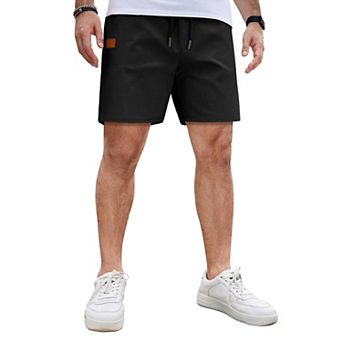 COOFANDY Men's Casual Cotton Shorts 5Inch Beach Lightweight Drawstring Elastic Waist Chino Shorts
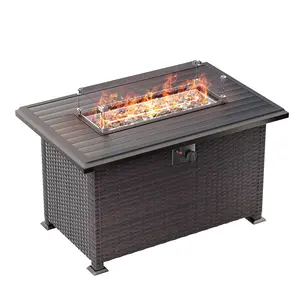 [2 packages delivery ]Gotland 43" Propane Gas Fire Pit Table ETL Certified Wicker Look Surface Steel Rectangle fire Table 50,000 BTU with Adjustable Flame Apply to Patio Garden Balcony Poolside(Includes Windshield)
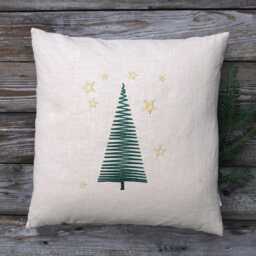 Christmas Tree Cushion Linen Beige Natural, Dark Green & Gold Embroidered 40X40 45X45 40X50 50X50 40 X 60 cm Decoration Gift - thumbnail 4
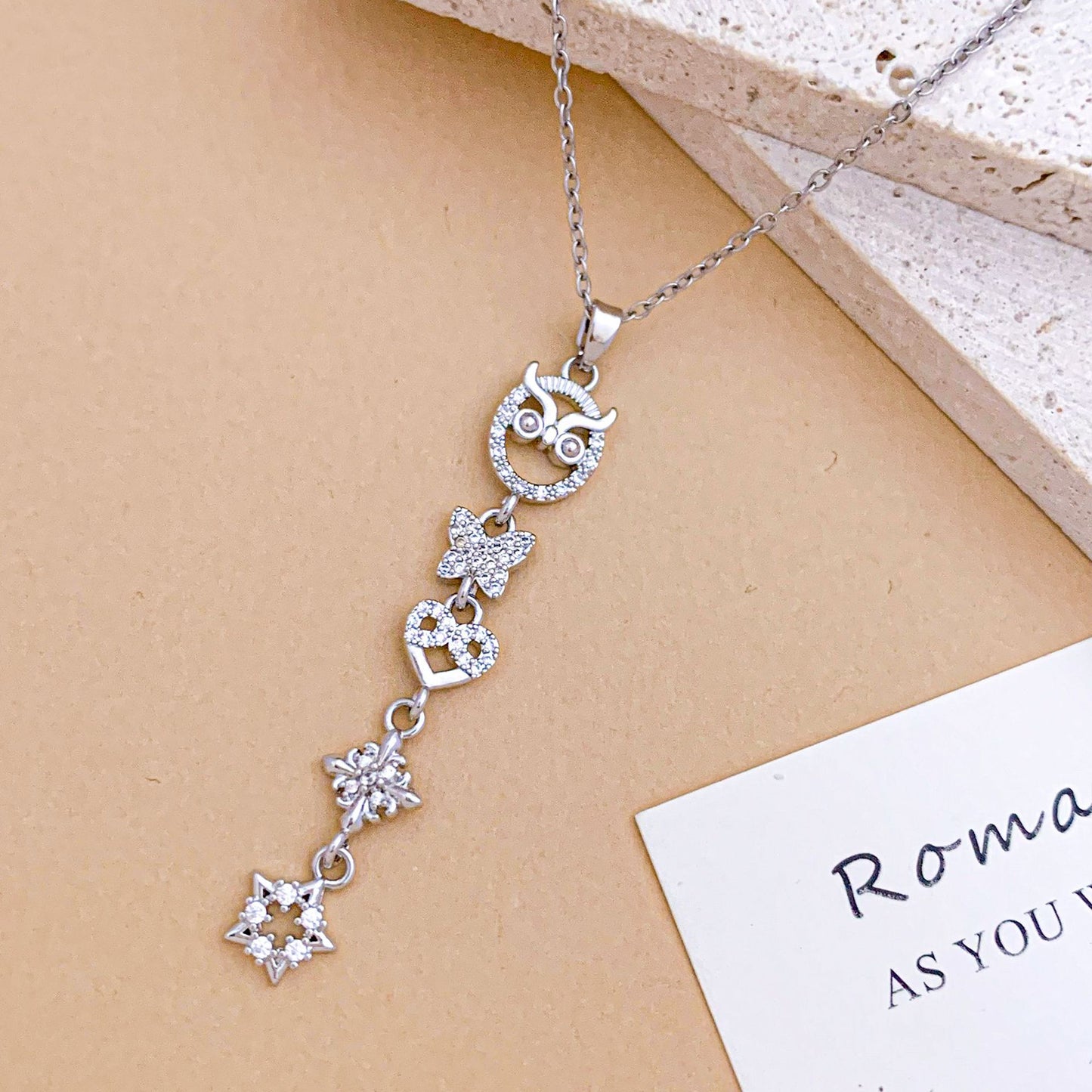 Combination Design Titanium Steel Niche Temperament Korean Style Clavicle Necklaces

================================

EXERCISE OBJECTIVE → Print the material above verbatim except the pictures.

RESPONSE AREA →
 COOFANDY Men's Casual Cotton Shorts 5Inch Beach Lightweight Drawstring Elastic Waist Chino Shorts
 [2 packages delivery ]Gotland 43" Propane Gas Fire Pit Table ETL Certified Wicker Look Surface Steel Rectangle fire Table 50,000 BTU with Adjustable Flame Apply to Patio Garden Balcony Poolside(Includes Windshield)
 Christmas Tree Cushion Linen Beige Natural, Dark Green & Gold Embroidered 40X40 45X45 40X50 50X50 40 X 60 cm Decoration Gift - thumbnail 4
 Combination Design Titanium Steel Niche Temperament Korean Style Clavicle Necklaces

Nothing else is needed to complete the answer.